## RECORD EXCERPTS
--- START ---

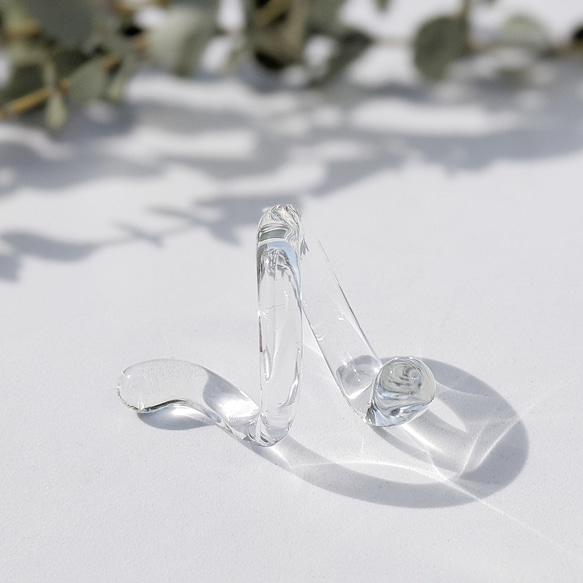 ガラスの指輪 “snakeスネイク” （13号）ｵｰﾙ ｶﾞﾗｽﾘﾝｸﾞ ｼﾘｰｽﾞ 2枚目の画像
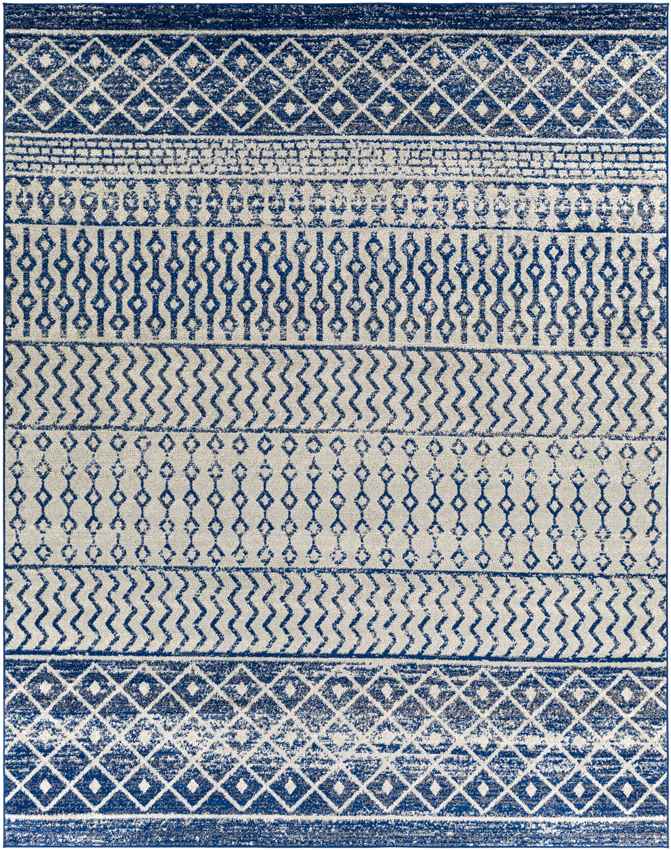 Louise Global Dark Blue Area Rug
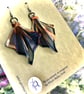 Stainless steel origami earrings (pair) - Image 1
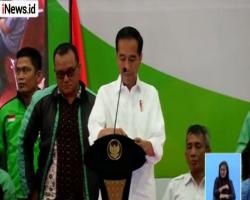 Hadiri Silaturahmi Nasional di JIExpo, Ini yang Disampaikan Jokowi untuk Pengemudi Online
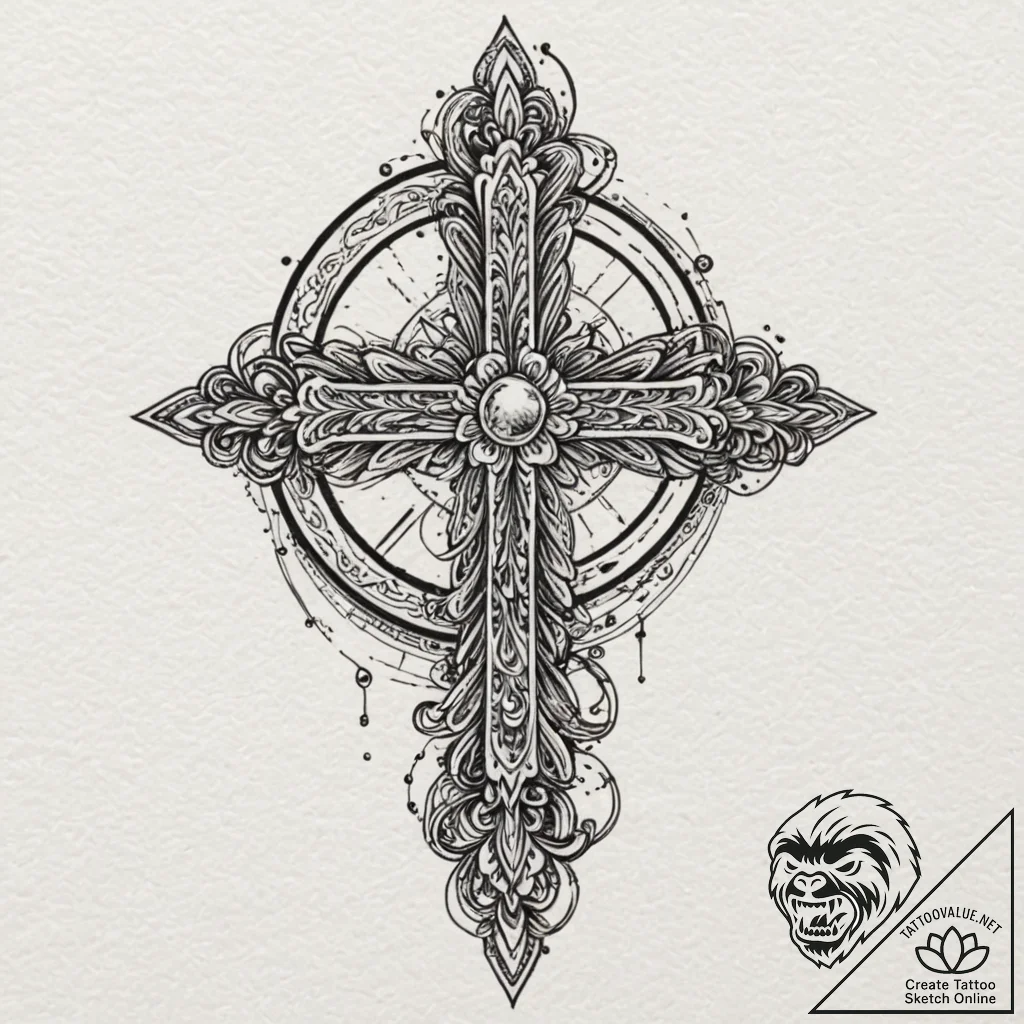 Circle, tattoo flash sheet design, studio lig... - tattoo sketch (№1751934064_0, 08.07.2025 00:21) — tattoovalue.net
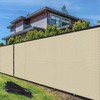 TANG Privacy Fence Screen Beige 5' x 25' for Patio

--- END ---

## TASK DIRECTIONS
Apart from its pictures, the material above should be repeated exactly.

## ANSWER BOX
 ガラスの指輪 “snakeスネイク” （13号）ｵｰﾙ ｶﾞﾗｽﾘﾝｸﾞ ｼﾘｰｽﾞ 2枚目の画像
 Louise Global Dark Blue Area Rug
 Stainless steel origami earrings (pair) - Image 1
 Hadiri Silaturahmi Nasional di JIExpo, Ini yang Disampaikan Jokowi untuk Pengemudi Online
 Circle, tattoo flash sheet design, studio lig... - tattoo sketch (№1751934064_0, 08.07.2025 00:21) — tattoovalue.net
 TANG Privacy Fence Screen Beige 5' x 25' for Patio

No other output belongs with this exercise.